Imagine someone voted you the ugliest person at work. You would be upset, wouldn't you Well it is a very good thing that the blobfish ( Psychrolutes microporos ), a member of the famous Fathead Sculpin family of fish, speaks no English and also lives very far away - 1,000 meters under the sea in fact - because in 2013 it was voted the ugliest animal in the world by the Ugly Animal Preservation Society.

The blobfish's annoyed face became an international sensation overnight in 2003 when the NORFANZ expedition pulled a large pink blobfish off the northwest coast of New Zealand. It had a parasitic copepod in its mouth and after a month of flexing it looked like the cartoon character Ziggy. The crew named it Mr. Blobby and took a now famous picture - some would even call it a mug shot - of this tuberous fish from the water.

The eerie valley

Part of the ... charm of the blobfish, if you want to call it that, lies in the creepy valley, the fact that it looks human, but something is wrong. But here's the thing: we should never see the blobfish like that.

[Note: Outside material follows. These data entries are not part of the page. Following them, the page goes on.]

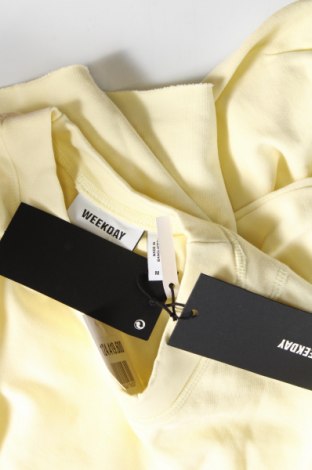 Дамска блуза Weekday, Размер M, Цвят Жълт, Цена 40,00 лв.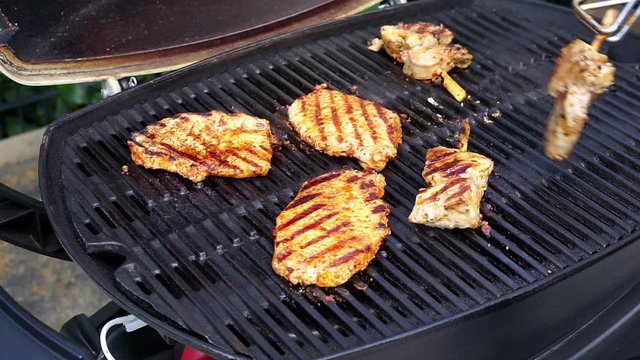 Fleisch auf dem Grill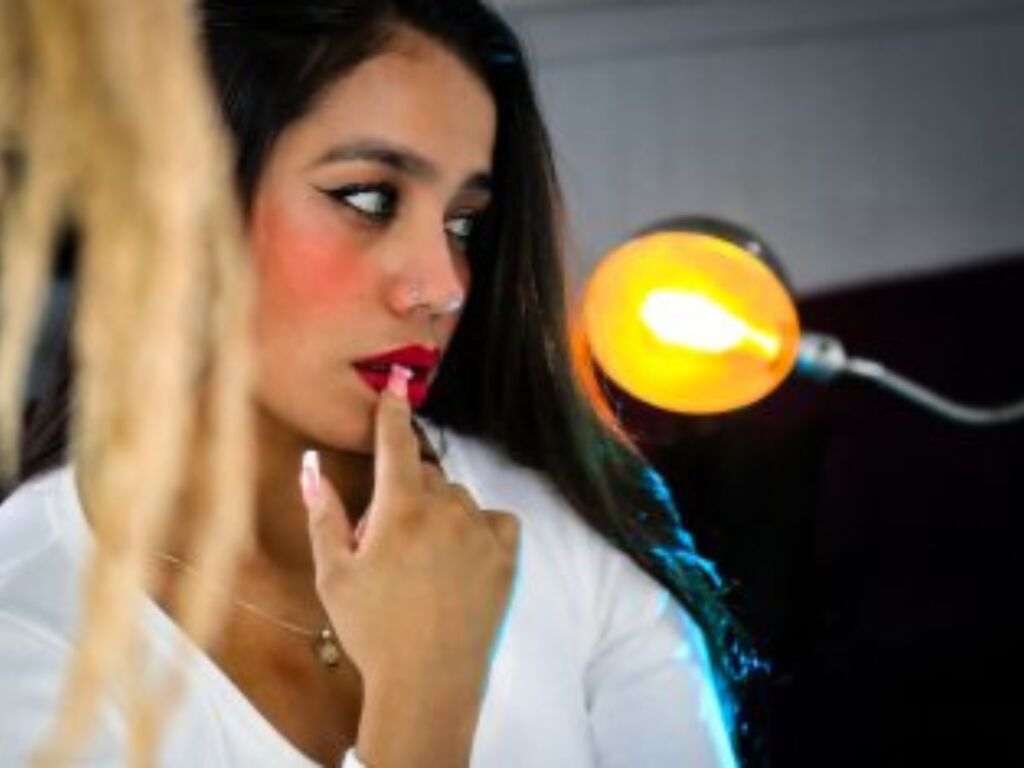 Miahroouse's profile - Image n°1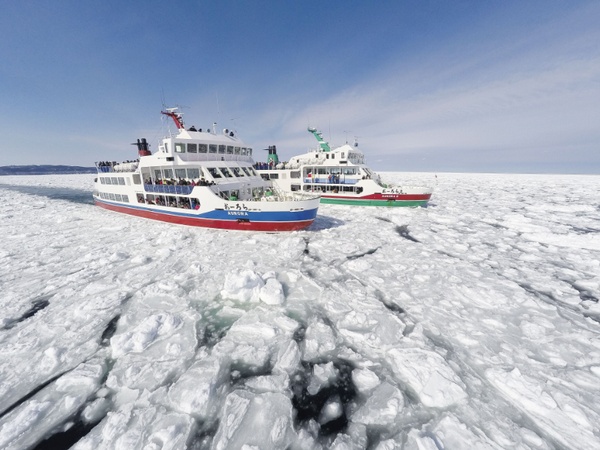流氷観光砕氷船おーろら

"Blobfish look pretty 'normal' underwater," says Gareth Fraser, a professor in the University of Florida's Department of Biology who studies the evolutionary development of marine fish. "They only really become a blob when they move from the pressure below to the surface. In my opinion, they have been wrongly given the ugliest animal status."

So why is the blobfish so ... stupid? Well, it's actually a very clever adaptation: at the extreme depths where the blobfish make their home, they go about their business and experience 120 times the pressure we put on dry land. Because of this, they don't need a lot of bones or muscle to get their bodies in shape - they just let the pressure of the ocean floor do whatever works for them. But up here in the air there's nothing stopping a blobfish's body from merging into a shapeless, spherical puddle. Terra company is definitely not where the blobfish shines.

But the blobfish has some other cool features besides its pretty face. In fact, the aspic-like texture of its meat is unique in itself. Many fish stay afloat thanks to a handy little gas-filled bag called a swim bladder. But under the high pressure of the deep sea, a swim bladder would simply burst. However, the blobfish found a workaround! Their flesh has a lively, jelly-like consistency that lets them criss-cross around in the depth they are most comfortable in.

While very little is known about the blobfish's life history, another blob-like aspect of this animal is that it doesn't seem to move very much or has a lot of friends. Remember, they have very little muscle so it's not like they are the deepest sea's wildest predators. Nobody has ever seen a blob of fish eat, but scientists believe that they are most likely enjoying a diet of whatever goes in their mouths. In addition, every blobfish ever spotted by researchers has been all alone - they don't seem to be in school - and scientists aren't sure how they breed or how often they encounter others of their kind.

The scarcity of blobfish in their known habitat has affected some scientists. While it is possible that they could be trapped in trawls at this depth, it is unlikely - these nets are huge, but not that big. What poses a greater threat to blobfish in the long term is rising sea temperatures - blobfish seem to have to live in very deep, cold water or extreme latitudes.

Secret, your name is blobfish! That being said, all indications are that this species is doing pretty well on its own.